R/fix_date_df.R
In datefixR: Standardize Dates in Different Formats or with Missing Data

Documented in fix_date_df

#' @title Clean up messy date columns
#' @description Tidies a \code{dataframe} object which has date columns
#' entered via a free-text box (possibly by different users) and are therefore
#' in a non-standardized format. Supports numerous separators including /,-, or
#' space. Supports all-numeric, abbreviation, or long-hand month notation. Where
#' day of the month has not been supplied, the first day of the month is
#' imputed. Either DMY or YMD is assumed by default.
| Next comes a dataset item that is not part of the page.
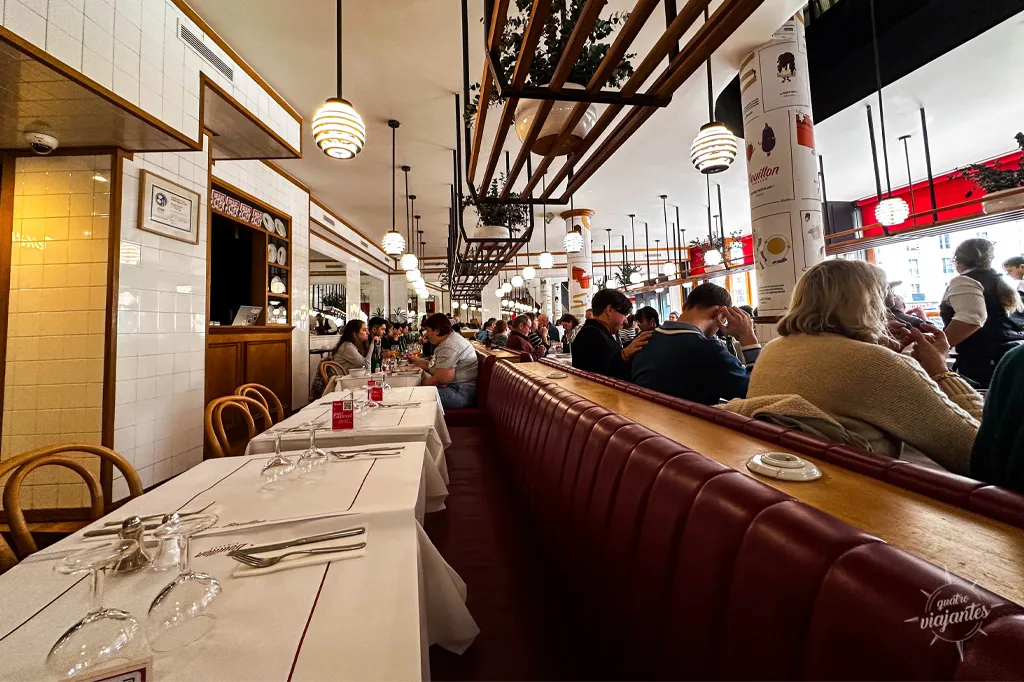 Interior lotado Bouillon Pigalle Paris na hora do almoço: mesas brasserie com pratos franceses clássicos, garçons e clientes em ambiente animado bistrô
However, the US system of
#' MDY is supported via the \code{format} argument.
#' @param df A \code{dataframe} or \code{tibble} object with messy date
#'   column(s)
#' @param col.names Character vector of names of columns of messy date data
#' @param id Name of column containing row IDs. By default, the first column is
#'   assumed.
#' @param day.impute Integer. Day of the month to be imputed if not available.
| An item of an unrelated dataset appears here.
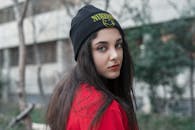 一个表情严肃的女人在户外摆姿势，背景是一个黑色的小人和红色的顶部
#'   defaults to 1. Maximum value of 31. If day.impute is greater than the
#'   number of days for a given month, then the last day of that month will be
#'   imputed. If \code{day.impute = NA}, then \code{NA} will be imputed for
#'   the date instead and a warning will be raised. If \code{day.impute = NULL}
#'   then instead of imputing the day of the month, the function will fail.
#' @param month.impute Integer. Month to be be imputed if not available.
#'   Defaults to 7 (July). If \code{month.impute = NA} then \code{NA} will be
#'   imputed for the date instead and a warning will be raised. If
#'   \code{month.impute = NULL} then instead of imputing the month, the
#'   function will fail.
#' @param format Character. The format which a date is mostly likely to be given
#'   in. Either \code{"dmy"} (default) or \code{"mdy"}. If year appears to have
#'   been given first, then YMD is assumed for the subject (format argument is
#'   not used for these observations)
#' @param excel Logical. If a date is given as only numbers (no separators), and
#'   is more than four digits, should the date be assumed to be from Excel
#'   which counts the number of days from 1900-01-01? In most programming
#'   languages (including R), days are instead calculated from 1970-01-01
#'   and this is the default for this function (\code{excel = FALSE})
#' @param roman.numeral `r lifecycle::badge("experimental")` Logical. If TRUE,
#'   months detected to have been given as Roman numerals will be converted.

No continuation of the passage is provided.